With the first line as the start and the line containing "ADIDAS - Scarpe" as the end, write out every line of the records exactly.

RECORDS FOR THE EXERCISE Start Marker

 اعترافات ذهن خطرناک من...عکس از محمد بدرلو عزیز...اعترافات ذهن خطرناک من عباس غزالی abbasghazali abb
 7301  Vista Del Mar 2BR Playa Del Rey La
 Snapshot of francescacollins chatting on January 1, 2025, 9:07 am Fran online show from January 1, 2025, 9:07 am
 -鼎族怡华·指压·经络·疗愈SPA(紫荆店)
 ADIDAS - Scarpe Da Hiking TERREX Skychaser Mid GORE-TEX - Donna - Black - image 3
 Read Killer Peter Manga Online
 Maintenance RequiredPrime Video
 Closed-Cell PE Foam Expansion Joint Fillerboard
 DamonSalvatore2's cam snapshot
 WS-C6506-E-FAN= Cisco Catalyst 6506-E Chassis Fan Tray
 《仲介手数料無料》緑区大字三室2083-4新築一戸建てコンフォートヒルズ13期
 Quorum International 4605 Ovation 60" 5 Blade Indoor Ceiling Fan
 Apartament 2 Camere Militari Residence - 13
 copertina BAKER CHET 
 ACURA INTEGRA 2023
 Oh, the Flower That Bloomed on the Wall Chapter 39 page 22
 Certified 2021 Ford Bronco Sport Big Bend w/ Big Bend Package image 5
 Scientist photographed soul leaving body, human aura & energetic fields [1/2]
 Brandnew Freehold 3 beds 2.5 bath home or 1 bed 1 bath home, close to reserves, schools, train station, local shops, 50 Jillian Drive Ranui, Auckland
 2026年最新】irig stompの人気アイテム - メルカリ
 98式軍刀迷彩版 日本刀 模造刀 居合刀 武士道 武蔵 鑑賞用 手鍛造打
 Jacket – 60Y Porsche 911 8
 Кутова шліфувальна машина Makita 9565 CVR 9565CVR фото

RECORDS FOR THE EXERCISE End Marker

• _TASK ANSWER_:
 اعترافات ذهن خطرناک من...عکس از محمد بدرلو عزیز...اعترافات ذهن خطرناک من عباس غزالی abbasghazali abb
 7301  Vista Del Mar 2BR Playa Del Rey La
 Snapshot of francescacollins chatting on January 1, 2025, 9:07 am Fran online show from January 1, 2025, 9:07 am
 -鼎族怡华·指压·经络·疗愈SPA(紫荆店)
 ADIDAS - Scarpe Da Hiking TERREX Skychaser Mid GORE-TEX - Donna - Black - image 3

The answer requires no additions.